Write out the entries below exactly, but only from the line containing "Torchlighters: The Mary" through the line containing "Мотоцикл Suzuki BANDIT1250F", and without the pictures.
┏━━
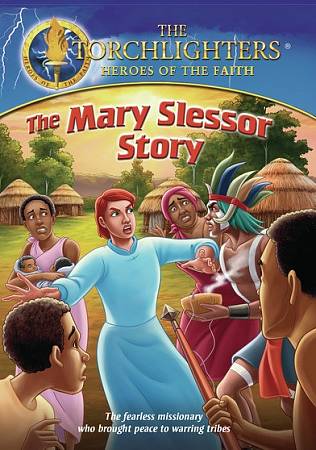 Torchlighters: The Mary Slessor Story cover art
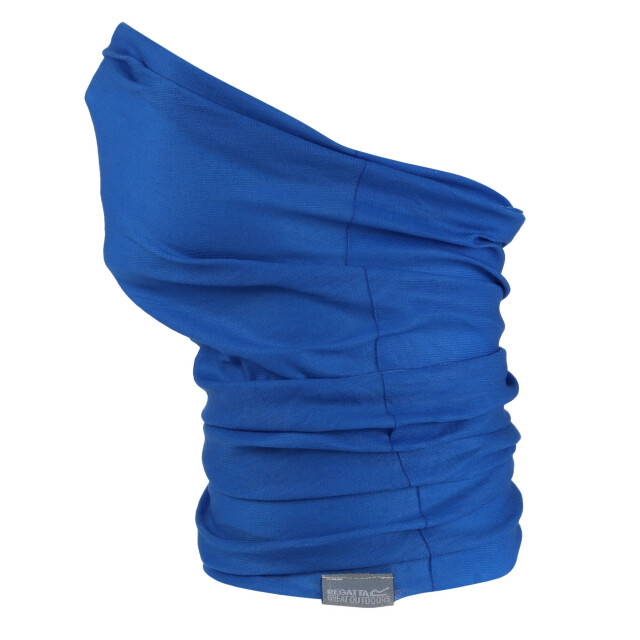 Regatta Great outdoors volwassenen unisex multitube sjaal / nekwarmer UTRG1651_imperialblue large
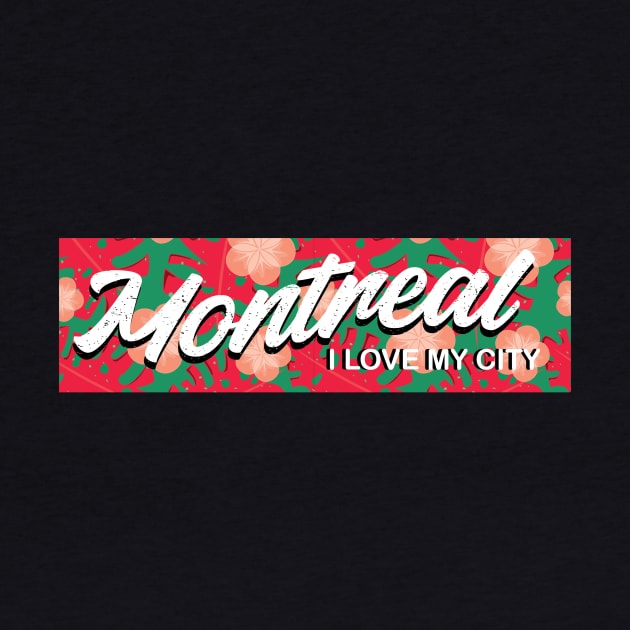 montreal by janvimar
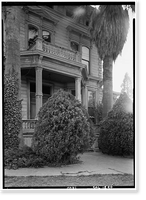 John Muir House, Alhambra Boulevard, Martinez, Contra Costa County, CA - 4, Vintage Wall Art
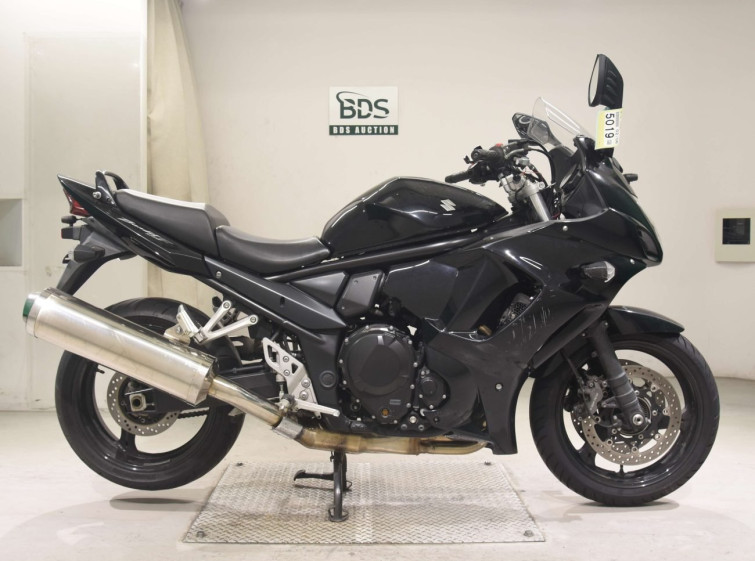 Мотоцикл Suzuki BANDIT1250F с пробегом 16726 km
┗━━
┏━━
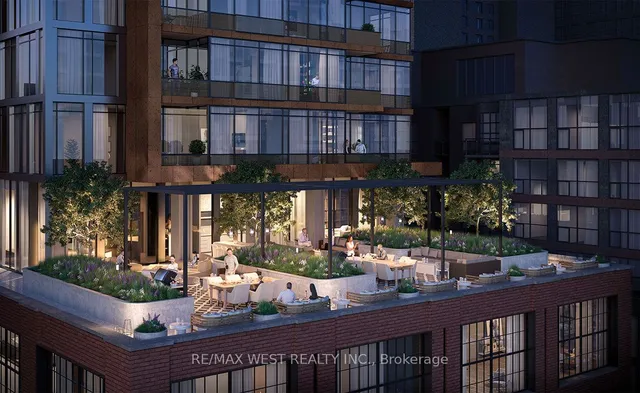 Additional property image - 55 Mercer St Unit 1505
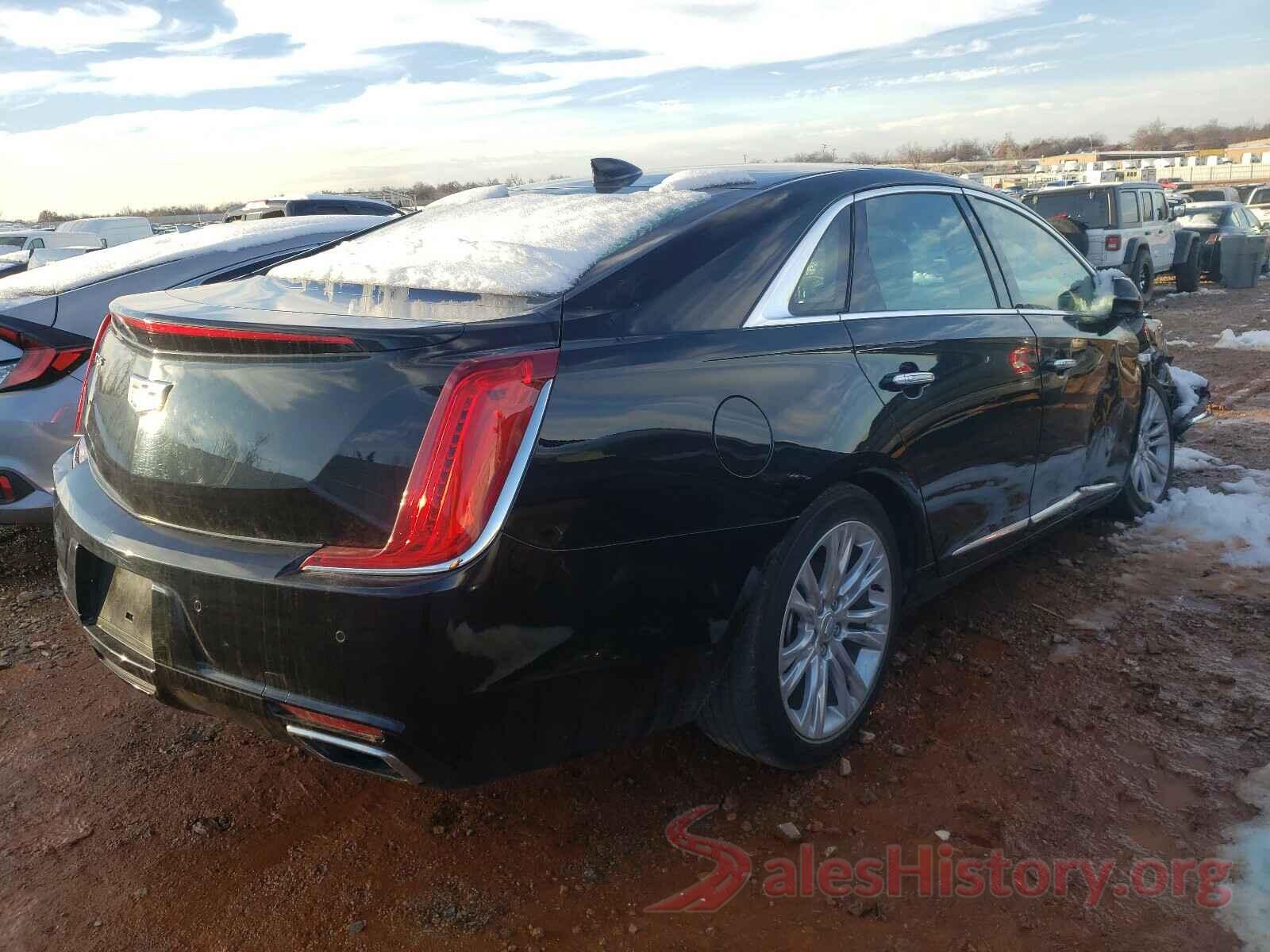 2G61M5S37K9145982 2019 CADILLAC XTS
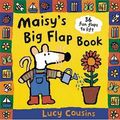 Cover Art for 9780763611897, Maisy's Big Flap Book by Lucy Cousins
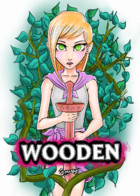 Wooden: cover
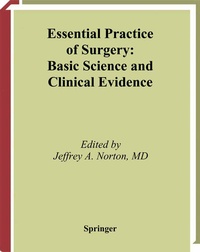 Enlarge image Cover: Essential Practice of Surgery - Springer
┗━━
Answer area:
 Torchlighters: The Mary Slessor Story cover art
 Regatta Great outdoors volwassenen unisex multitube sjaal / nekwarmer UTRG1651_imperialblue large
 montreal by janvimar
 John Muir House, Alhambra Boulevard, Martinez, Contra Costa County, CA - 4, Vintage Wall Art
 Мотоцикл Suzuki BANDIT1250F с пробегом 16726 km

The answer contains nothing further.